Toskha would achieve this by diverting water from Lake Nasser into the desert with the aim of expanding Egypt’s agricultural acreage by 10 per cent. Despite its noble ambitions, “Mubarak’s pyramid”, as this project was described, has been mired by mismanagement and poor planning.

Abdel-Fattah El Sisi, the new president, has already broken ground on his own mega-project, billed not as the new Nile Valley but as the new Suez Canal. While Nasser nationalised the Suez Canal and Anwar Sadat’s army crossed it, Mr El Sisi’s ambition is to expand the waterway by building a second 72km-long channel that is expected to boost the traffic passing through Suez.

The project also fits into the government’s ambition to transform the Suez region into an industrial, technological and international trading hub.

Some experts wonder whether the extension will actually boost the canal’s capacity, since more than 90km of the waterway will remain single-carriage.
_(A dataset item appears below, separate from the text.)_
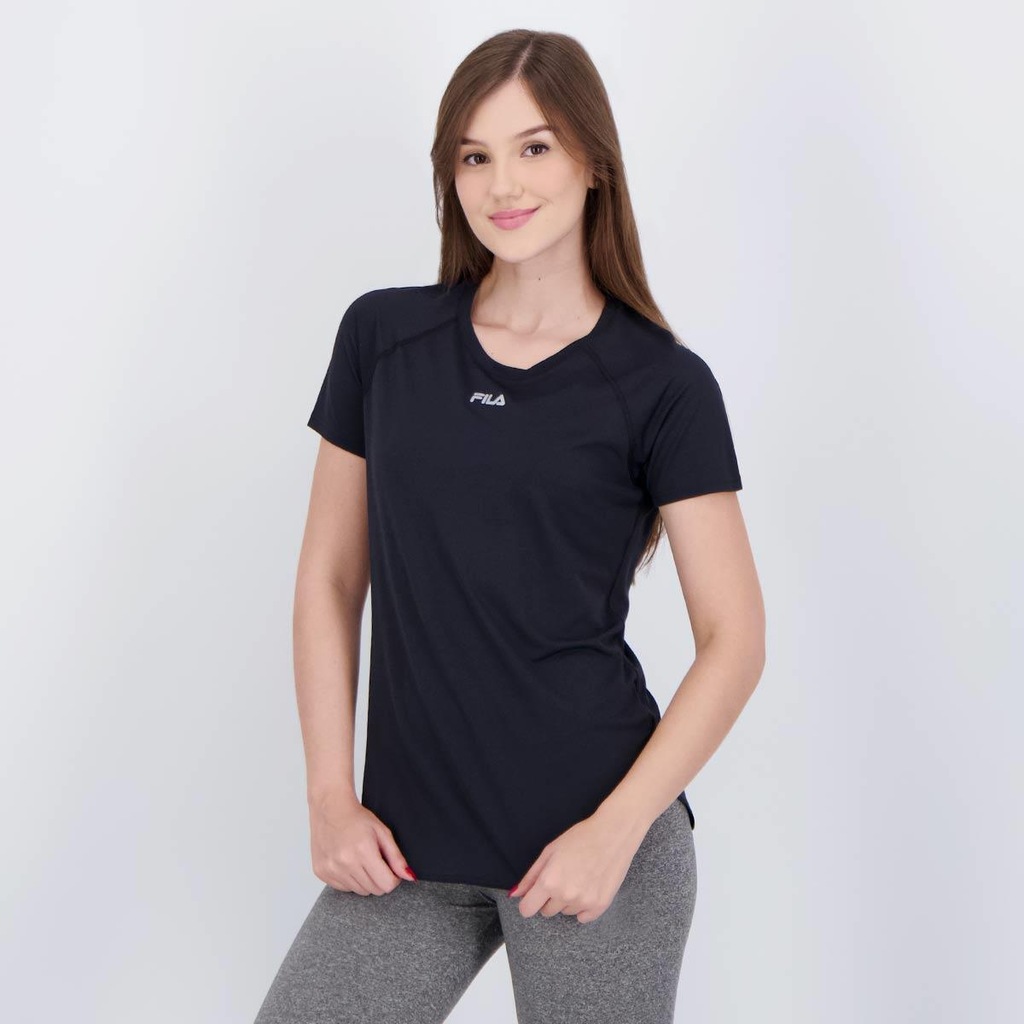 Imagem 3 do produto Camiseta Fila Bio - Feminina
In addition, there may not been enough additional demand to justify the investment.

On top of that, the project has already run into technical complications. Ignoring warnings by irrigation experts, the digging began too close to the original canal, which has caused the site to fill with groundwater. Pumping the excess water out carries a price tag of $1 million per day.

It is my view that Egypt would be much better off diverting the estimated $8.4 billion it will cost to build Suez Canal II to another, far more pressing mega-project: Nile Delta I.
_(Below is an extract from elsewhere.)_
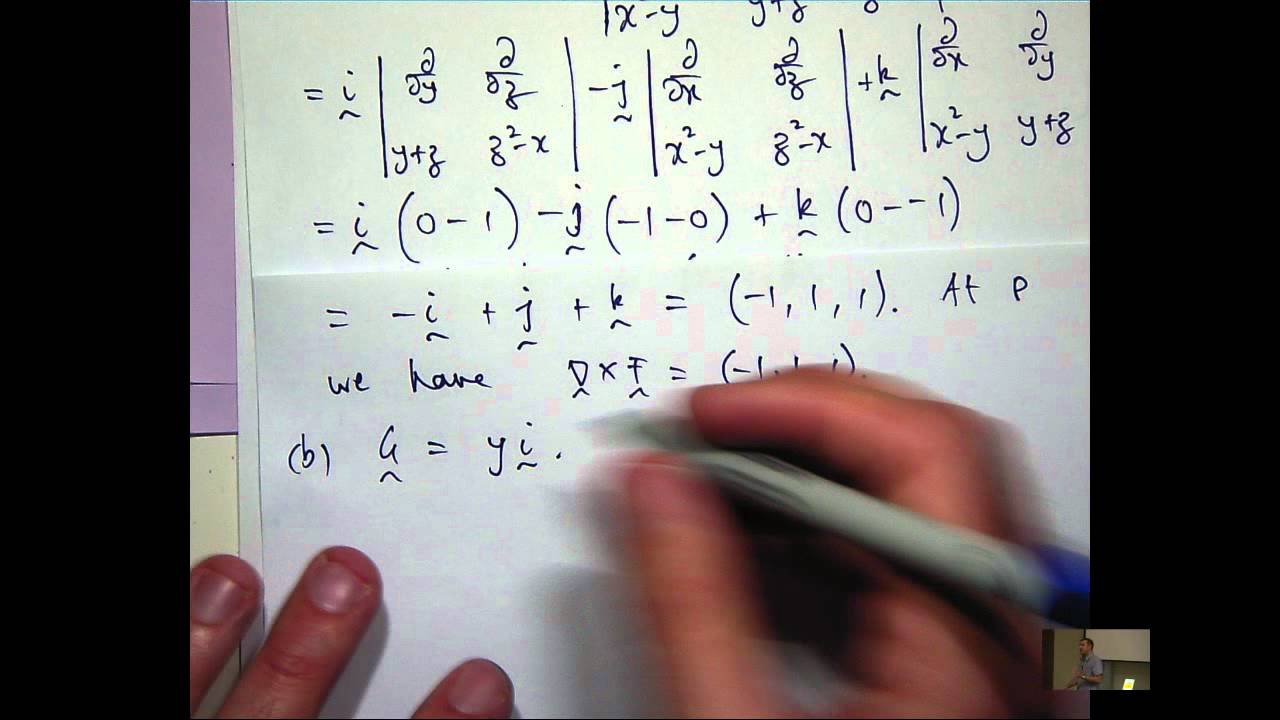 1280x720 Curl Of Vector Fields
Since ancient times, the Nile Delta, which covers 25,000 square kilometres and houses nearly half of Egypt’s population, has been the national breadbasket. Yet this extremely fertile fan of land in the middle of the desert is under threat from rising sea levels and sinking sediment.

No Egyptian government has taken any substantial action to beat back this erosion, aside from constructing a few small barriers to protect important urban areas on the coast.

This is surprising in light of the decades of warnings provided by both local and international experts. For example, more than a quarter of a century ago, researchers at the Smithsonian Institution delivered dire warnings about future disaster.

Today, the alarm among experts has reached fever pitch.

“The total [area of the Delta] expected to be impacted by a rising of the sea level by one metre during this century will be 8,033 square kilometres, which is nearly 33 per cent of the total area of the Nile Delta,” predicted Khaled Ouda, a geologist at Egypt’s Assiut University, in an interview with Al Jazeera earlier this year.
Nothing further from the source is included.